Our first system, Pits & Perils, was developed in late 2002 as a thought experiment and a way to introduce Robyn to the hobby, although it was my re-introduction as well!  I'd been away from the games for a good fourteen years, and I didn't have my old stuff, meaning we were literally starting from scratch. 

One consequence was making a d6 system.  When you've been doing college (the adult and working full time variety) and spending too much time deployed, life is about other things, meaning the only dice available are the ones you fish out of the Monopoly game in the hall closet.  But that actually suited us...

For one thing, it felt more like the amateurs of old creating a hobby out of nothing, and since I had close to zero contact with the larger gaming community, we sometimes felt like we were, and this fact, alone, inspired us to stick with six-siders exclusively.

Little did we know a d6 revolution was already brewing, and I can only assume for similar reasons...

But after being re-immersed (and a few conventions later) I realized something important: I MISSED those polyhedral dice!


Yes, technically, polyhedrals provide a greater range of outcomes and greater variability.  The traditional d20 breaks things down to tidy (and easy to manipulate) 5% increments, while the d10 allows percentile results that are actually the simplest and most intuitive reckoning of probability anywhere.  So yeah, we get that.

But it's something else.  Something less tangible.

It's the way they LOOK on the table.  I mean, you have the almost spherical d20 and the strangely hive-like d12.  But there's also the d8 and pyramidal d4, bane of bare feet after an all-nighter! 

Their NUMBERS stand out (a good thing for older eyes), with no boring pips here.  You get straight up numbers!  Even the d6 in this context uses actual numbers, which just works better.

Oh, and the COLORS.  You get solids and marbled, swirly patterns, sometimes flecked with speckles.  And when you buy them individually and over the counter (vs. a packaged set), there's many different colors in play, each as distinct as their varied shapes.

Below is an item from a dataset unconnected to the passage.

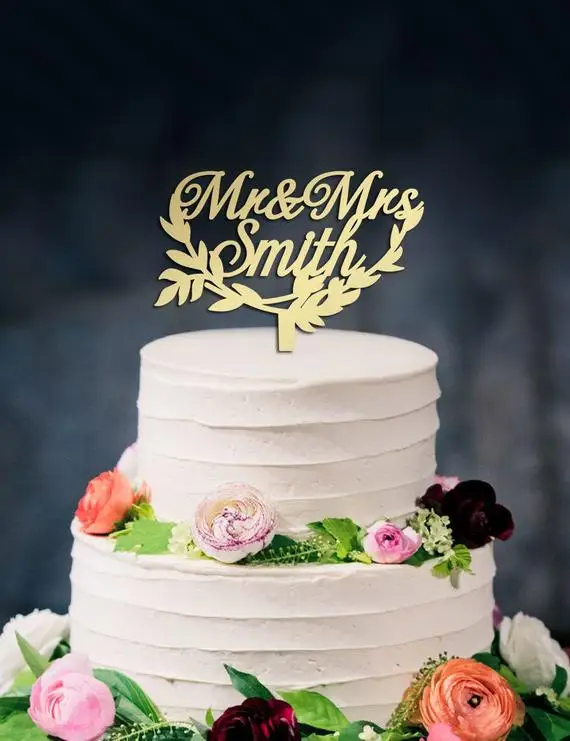 Last Name Cake Topper Calligraphy Wedding Custom Mr Mrs Personalized | Дом и сад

Finally, there's just a different HEFT to a bag of polyhedrals, something harder to quantify, but true.  Maybe it's the rounder dice that sink like miniature cannon-balls to the bottom.  Or the way many different shapes feel when you reach blindly for the one you're looking for.  Or maybe it just brings back old memories...

Either way, polyhedrals are special.  So much so that we're incorporating them (formally) into our upcoming title: The Maze of Memory, which should be out sometime this fall.  Expect us to preserve our trademark simplicity, but also look for the greater randomness these dice permit.  And look for something a little more lethal than our previous offerings, although still lots of fun!